# dan inosanto´s kenpo background



## suicide (Mar 22, 2009)

any info on this , doc holla back.


----------



## Twin Fist (Mar 22, 2009)

i know he got shodan from Parker before '65


----------



## arnisador (Mar 23, 2009)

If I recall, he was studying Kenpo and had achieved a low-level instructor status (not sure of the rank) when he decided to switch to studying with Bruce Lee.


----------



## Doc (Mar 23, 2009)

arnisador said:


> If I recall, he was studying Kenpo and had achieved a low-level instructor status (not sure of the rank) when he decided to switch to studying with Bruce Lee.



Dan was an accomplished martial artist in the Filipino arts when he met Ed Parker when they were both students of Ark Wong. He left to study with Ed Parker in the new eclectic street Kenpo of the day, but was by no means a beginner in the arts. When Danny left Parker, it was to explore the ideas that Bruce Lee was doing, not because he found a better teacher, only a different perspective to examine. The much more experienced Danny Inosanto in turn taught Bruce Lee Filipino Weapons and concepts. Bruce learned more from Danny than the other way around. That's what Bruce did at the tender age of twenty four. He was smart enough to visit and surround himself with accomplished artist to learn from, while he used his celebrity clients to make a living.


----------



## KENPOJOE (Mar 23, 2009)

Doc said:


> Dan was an accomplished martial artist in the Filipino arts when he met Ed Parker when they were both students of Ark Wong. He left to study with Ed Parker in the new eclectic street Kenpo of the day, but was by no means a beginner in the arts. When Danny left Parker, it was to explore the ideas that Bruce Lee was doing, not because he found a better teacher, only a different perspective to examine.

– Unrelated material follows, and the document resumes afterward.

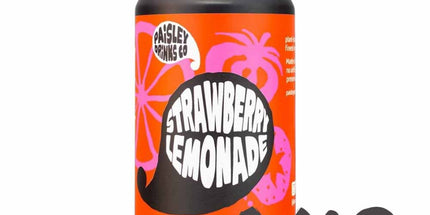 Strawberry Lemonade 12 x 330ml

The much more experienced Danny Inosanto in turn taught Bruce Lee Filipino Weapons and concepts. Bruce learned more from Danny than the other way around. That's what Bruce did at the tender age of twenty four. He was smart enough to visit and surround himself with accomplished artist to learn from, while he used his celebrity clients to make a living.


 Hi folks!
Dear Mr.Chapel,
I read your post & I have to disagree with you regarding Dan Inosanto's level of expertise in the FMA realm at his time of training with Mr. Parker. In his book;"Filipino Martial Arts", Mr. Inosanto clear states that his training with the filipino martial arts were minimal and he was introduced to them by family members. He also states that he didn't think much of those arts at the time. He [Inosanto] mentions that Mr. Parker asked Inosanto if he was familiar with the arts of the phillipines, to which He answered "yeah, it's just stick fighting." to which Mr. Parker replied "no,there's more!" and encouraged Inosanto to re-explore the Filipino martial arts. Again, that is from Dan inosanto in his own words from his own book! There have been other interviews where he has clearly given Mr. Parker credit for encouraging him to rediscover his cultural arts roots. He has mentioned that at that time his training was basic in those arts, not an accomplished expert.
Those of you who have his book,look for yourself. I will look at my copy so I can quote directly.
I hope that I was of some service,
KENPOJOE


----------



## Doc (Mar 23, 2009)

KENPOJOE said:


> Hi folks!
> Dear Mr.Chapel,
> I read your post & I have to disagree with you regarding Dan Inosanto's level of expertise in the FMA realm at his time of training with Mr. Parker. In his book;"Filipino Martial Arts", Mr. Inosanto clear states that his training with the filipino martial arts were minimal and he was introduced to them by family members. He also states that he didn't think much of those arts at the time. He [Inosanto] mentions that Mr. Parker asked Inosanto if he was familiar with the arts of the phillipines, to which He answered "yeah, it's just stick fighting." to which Mr. Parker replied "no,there's more!" and encouraged Inosanto to re-explore the Filipino martial arts. Again, that is from Dan inosanto in his own words from his own book! There have been other interviews where he has clearly given Mr. Parker credit for encouraging him to rediscover his cultural arts roots. He has mentioned that at that time his training was basic in those arts, not an accomplished expert.
> Those of you who have his book,look for yourself. I will look at my copy so I can quote directly.
> ...


Everything is relative sir. Kinda like asking Mr. Parker if he was any good at Kenpo during that same time period. He might say, "I'm alright." I saw Danny in those days, and he was quite good, but like everyone else in those days, there was much to learn. Tiny Lefiti was awesome, and he said the same about himself, studying with Ark Wong. So did all the greats except Bruce Lee, who was enamored by himself at 24, but wasn't stupid enough to think he knew everything. Danny was smart enough to put things into perspective, and one of the reasons he's as great as he is. He was accomplished, but hungered for much more.


----------



## suicide (Mar 23, 2009)

did dan ever get his black belt in kenpo


----------



## Doc (Mar 23, 2009)

suicide said:


> did dan ever get his black belt in kenpo



Yes, under Mr. Parker as listed on the published family tree.


----------



## Danjo (Mar 24, 2009)

I believe I also read that he had a black belt in Chito Ryu under Hank Slomanski before studying with Parker.


----------



## Doc (Mar 24, 2009)

Danjo said:


> I believe I also read that he had a black belt in Chito Ryu under Hank Slomanski before studying with Parker.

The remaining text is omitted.